1章・(6)-2 市場による「価格差」を利用する

・市場価格差を利用するネット販売業者たち

 

これは、世界規模の話ばかりではありません。もっと単純な話もあります。最近では、多くの家電がインターネットで最安値の店を検索できるようになりました。その価格は、身近な量販店で買うよりも安価なことがほとんどです。なぜネット販売の店が商品を安くできるのか。それは固定費に関わる問題で、のちの節で説明します。ここでは、国内であれ、多くの価格差が存在することに注目しておきましょう。

かつては、地方のディスカウントショップでは、「ディスカウント」といいながら、まだ都市部の価格よりも高値で販売されていることがありました。その意味では、ネット販売業者は地方のお客に利益をもたらした、ということができます。ネット販売業者は、都市部と地方という、価格差のある二つの市場を埋めることに成功したわけです。

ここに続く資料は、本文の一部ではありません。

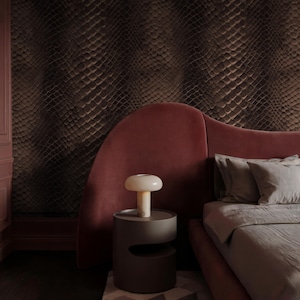 May include: A bedroom scene featuring a bed with a red headboard and gray bedding. A small, round, gray side table holds a mushroom-shaped lamp. The wall behind the bed is covered in a textured, dark brown pattern, and the floor is dark wood.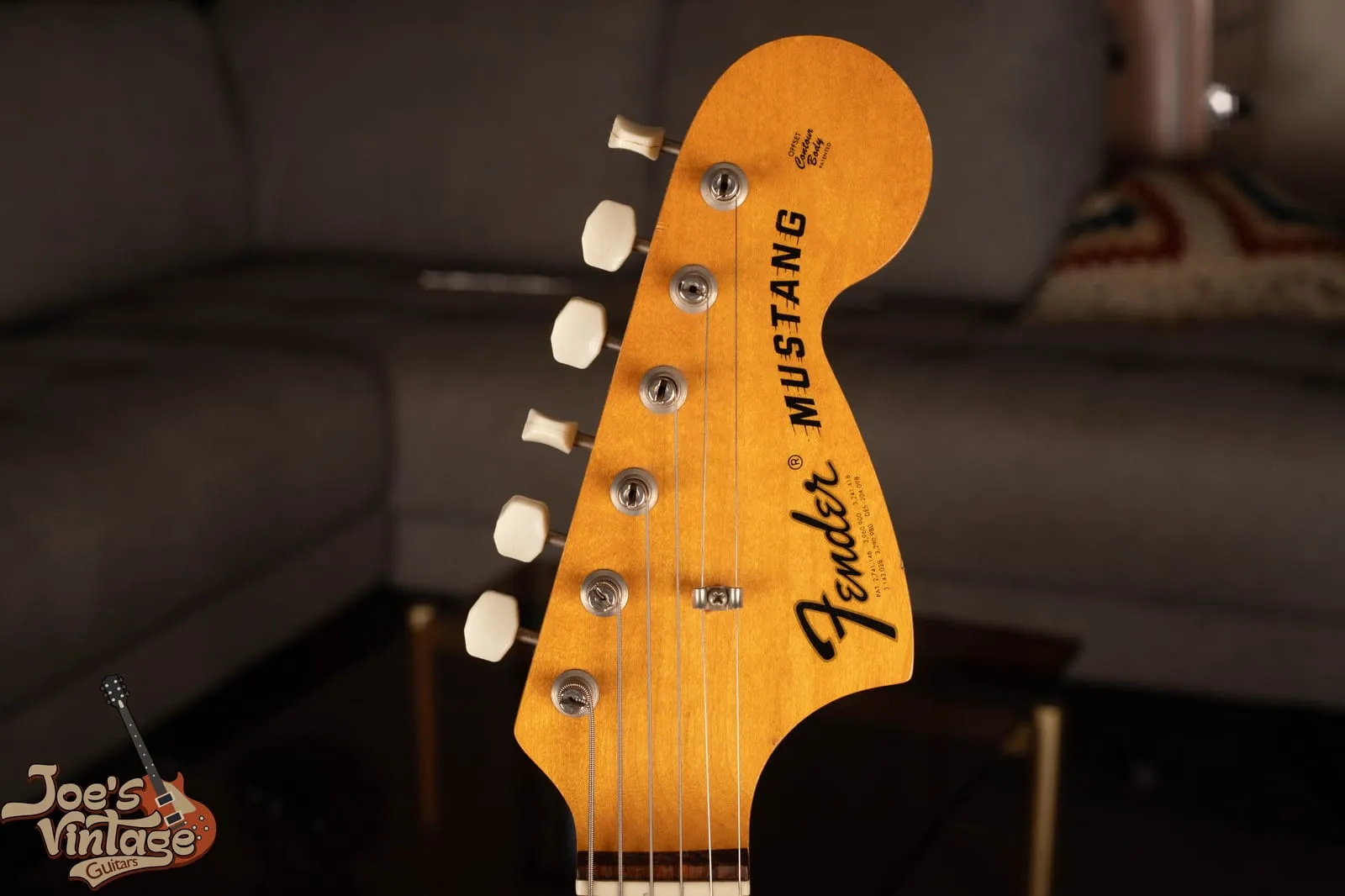 Headstock of a 1971 Fender Mustang showing the large CBS-era headstock with the bold black Fender logo and Mustang model name.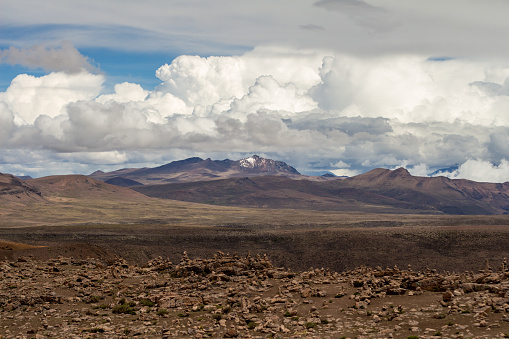 Beautiful view of the Altiplano, Peru, between Cabanaconde and Arequipa. High Altitude, mountain range, blue sky and white clouds, arid desert. Stones. Snow on the peaks.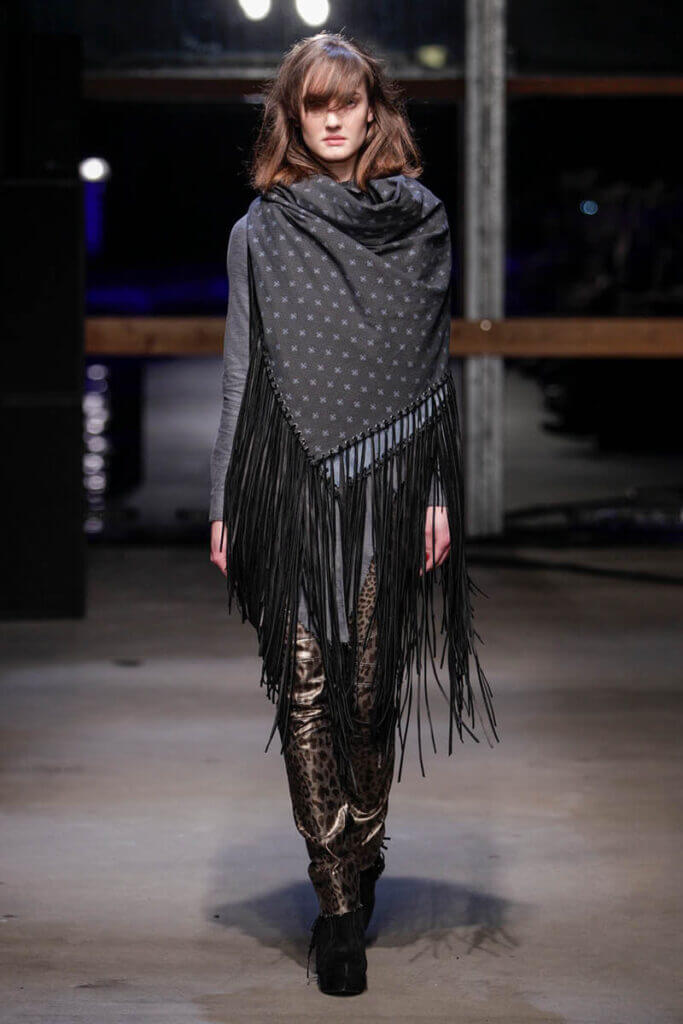 JANBOELO Fall Winter 2013 2014 collection model showing scarf with leather fringes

リアル家電量販店では、値引き交渉を行っても1万円でしか買えない消費者に、8千円の価格で提供すること――。すなわち、市場価格の歪みを、自らの強みに転換したこと。ここに、ネット販売業者のすぐれた戦術がありました。

市場価格とは一つではありません。それは、実際の世界においては市場の数だけ存在し、それが誰かの稼ぐタネになっているのです。